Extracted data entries

◆ ◆ ◆ ◆ ◆

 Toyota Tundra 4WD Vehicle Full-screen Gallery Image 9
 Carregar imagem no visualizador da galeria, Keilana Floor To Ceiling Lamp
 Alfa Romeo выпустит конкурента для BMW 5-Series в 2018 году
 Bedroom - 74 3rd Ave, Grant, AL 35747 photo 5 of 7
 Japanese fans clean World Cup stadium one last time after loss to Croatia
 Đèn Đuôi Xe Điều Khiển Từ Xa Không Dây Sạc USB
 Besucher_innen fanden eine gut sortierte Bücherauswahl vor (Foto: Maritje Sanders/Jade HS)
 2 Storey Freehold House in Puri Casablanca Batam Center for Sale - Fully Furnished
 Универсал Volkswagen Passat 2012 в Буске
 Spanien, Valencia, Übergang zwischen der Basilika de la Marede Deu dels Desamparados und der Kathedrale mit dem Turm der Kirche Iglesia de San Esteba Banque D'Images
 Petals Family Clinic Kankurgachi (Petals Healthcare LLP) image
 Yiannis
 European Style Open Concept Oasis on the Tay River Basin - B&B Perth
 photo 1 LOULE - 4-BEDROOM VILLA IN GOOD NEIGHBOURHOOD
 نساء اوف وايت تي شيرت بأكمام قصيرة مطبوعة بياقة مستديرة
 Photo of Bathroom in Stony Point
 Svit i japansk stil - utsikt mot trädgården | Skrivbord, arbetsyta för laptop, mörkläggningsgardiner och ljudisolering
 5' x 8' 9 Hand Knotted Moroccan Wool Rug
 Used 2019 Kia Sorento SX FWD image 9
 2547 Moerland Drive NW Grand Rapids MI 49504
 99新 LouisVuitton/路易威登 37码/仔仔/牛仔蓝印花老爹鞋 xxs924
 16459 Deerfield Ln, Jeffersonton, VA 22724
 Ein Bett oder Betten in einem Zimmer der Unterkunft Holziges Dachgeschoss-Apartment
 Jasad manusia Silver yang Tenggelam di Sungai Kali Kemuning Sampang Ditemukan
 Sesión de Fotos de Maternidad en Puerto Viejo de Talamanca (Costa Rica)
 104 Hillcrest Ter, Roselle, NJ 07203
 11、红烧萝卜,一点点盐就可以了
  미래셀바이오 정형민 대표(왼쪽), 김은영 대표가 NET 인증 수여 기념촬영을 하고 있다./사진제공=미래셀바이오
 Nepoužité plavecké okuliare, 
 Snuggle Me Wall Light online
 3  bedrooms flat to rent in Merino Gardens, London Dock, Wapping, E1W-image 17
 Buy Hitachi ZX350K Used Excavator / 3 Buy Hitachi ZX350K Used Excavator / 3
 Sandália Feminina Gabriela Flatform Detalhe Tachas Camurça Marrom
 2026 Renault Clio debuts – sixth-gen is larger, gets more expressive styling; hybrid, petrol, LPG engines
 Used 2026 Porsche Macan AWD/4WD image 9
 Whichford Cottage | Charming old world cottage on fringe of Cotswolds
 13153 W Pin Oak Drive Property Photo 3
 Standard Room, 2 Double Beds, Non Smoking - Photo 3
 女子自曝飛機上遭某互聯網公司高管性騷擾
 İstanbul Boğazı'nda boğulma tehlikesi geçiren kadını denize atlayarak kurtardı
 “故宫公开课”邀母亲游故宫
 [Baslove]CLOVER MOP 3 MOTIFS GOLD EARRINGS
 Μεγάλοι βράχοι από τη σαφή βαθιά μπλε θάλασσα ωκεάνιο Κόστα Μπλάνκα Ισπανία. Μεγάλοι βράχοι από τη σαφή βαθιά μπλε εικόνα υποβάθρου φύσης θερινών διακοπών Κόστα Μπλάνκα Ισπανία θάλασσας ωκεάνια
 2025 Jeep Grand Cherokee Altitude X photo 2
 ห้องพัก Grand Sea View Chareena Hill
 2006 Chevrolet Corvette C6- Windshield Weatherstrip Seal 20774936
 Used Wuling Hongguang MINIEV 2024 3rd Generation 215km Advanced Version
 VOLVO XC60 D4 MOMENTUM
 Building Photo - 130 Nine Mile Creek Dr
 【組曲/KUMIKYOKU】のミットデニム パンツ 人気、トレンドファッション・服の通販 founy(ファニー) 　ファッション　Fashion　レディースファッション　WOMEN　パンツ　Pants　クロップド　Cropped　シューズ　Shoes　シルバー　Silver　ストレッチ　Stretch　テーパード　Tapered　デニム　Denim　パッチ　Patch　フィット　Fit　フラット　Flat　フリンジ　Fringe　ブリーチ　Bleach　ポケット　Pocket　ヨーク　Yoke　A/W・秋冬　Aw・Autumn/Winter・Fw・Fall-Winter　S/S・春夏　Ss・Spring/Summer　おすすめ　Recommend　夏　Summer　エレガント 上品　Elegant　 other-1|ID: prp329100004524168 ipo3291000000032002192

◆ ◆ ◆ ◆ ◆

Brief: Start with the line above that contains "99新 LouisVuitton/路易威登 37码/仔仔/牛仔蓝印花老爹鞋 xxs924" and stop after the line that contains "Ein Bett oder". Output those lines exactly, and only those.

Task solution:
 99新 LouisVuitton/路易威登 37码/仔仔/牛仔蓝印花老爹鞋 xxs924
 16459 Deerfield Ln, Jeffersonton, VA 22724
 Ein Bett oder Betten in einem Zimmer der Unterkunft Holziges Dachgeschoss-Apartment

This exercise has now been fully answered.